» PROBLEM STATEMENT: Search term "Used": please copy every line of the records below that contains it.

### TASK MATERIAL ###

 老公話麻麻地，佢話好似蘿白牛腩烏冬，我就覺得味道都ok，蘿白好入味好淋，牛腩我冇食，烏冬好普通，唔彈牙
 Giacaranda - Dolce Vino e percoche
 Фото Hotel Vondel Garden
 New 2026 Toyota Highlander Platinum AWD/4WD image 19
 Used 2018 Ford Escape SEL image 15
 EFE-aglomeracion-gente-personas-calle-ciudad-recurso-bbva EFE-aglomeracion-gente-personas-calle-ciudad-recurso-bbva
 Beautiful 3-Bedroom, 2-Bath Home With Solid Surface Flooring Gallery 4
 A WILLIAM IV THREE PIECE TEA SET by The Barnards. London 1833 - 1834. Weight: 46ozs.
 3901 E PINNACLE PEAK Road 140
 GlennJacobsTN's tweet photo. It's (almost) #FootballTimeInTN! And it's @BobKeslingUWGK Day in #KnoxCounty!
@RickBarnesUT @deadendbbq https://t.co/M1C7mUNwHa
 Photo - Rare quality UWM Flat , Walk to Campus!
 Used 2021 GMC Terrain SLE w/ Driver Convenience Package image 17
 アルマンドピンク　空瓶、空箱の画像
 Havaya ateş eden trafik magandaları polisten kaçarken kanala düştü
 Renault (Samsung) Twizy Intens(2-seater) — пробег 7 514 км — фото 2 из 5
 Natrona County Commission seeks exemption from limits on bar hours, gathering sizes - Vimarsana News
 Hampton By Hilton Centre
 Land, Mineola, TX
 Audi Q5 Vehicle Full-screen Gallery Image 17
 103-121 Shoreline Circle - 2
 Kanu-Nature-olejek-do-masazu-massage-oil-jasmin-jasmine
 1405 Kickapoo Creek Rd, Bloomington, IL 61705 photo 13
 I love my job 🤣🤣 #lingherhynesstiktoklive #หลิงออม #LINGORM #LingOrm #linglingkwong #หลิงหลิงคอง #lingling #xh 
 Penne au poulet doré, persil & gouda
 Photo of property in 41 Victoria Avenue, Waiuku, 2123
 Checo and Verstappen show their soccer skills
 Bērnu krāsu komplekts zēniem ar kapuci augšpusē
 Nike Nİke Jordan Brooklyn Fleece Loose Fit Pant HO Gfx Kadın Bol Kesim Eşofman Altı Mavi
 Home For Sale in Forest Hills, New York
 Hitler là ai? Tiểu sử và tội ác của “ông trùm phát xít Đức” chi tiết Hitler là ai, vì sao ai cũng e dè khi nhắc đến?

###

» ANSWER SECTION:
 Used 2018 Ford Escape SEL image 15
 Used 2021 GMC Terrain SLE w/ Driver Convenience Package image 17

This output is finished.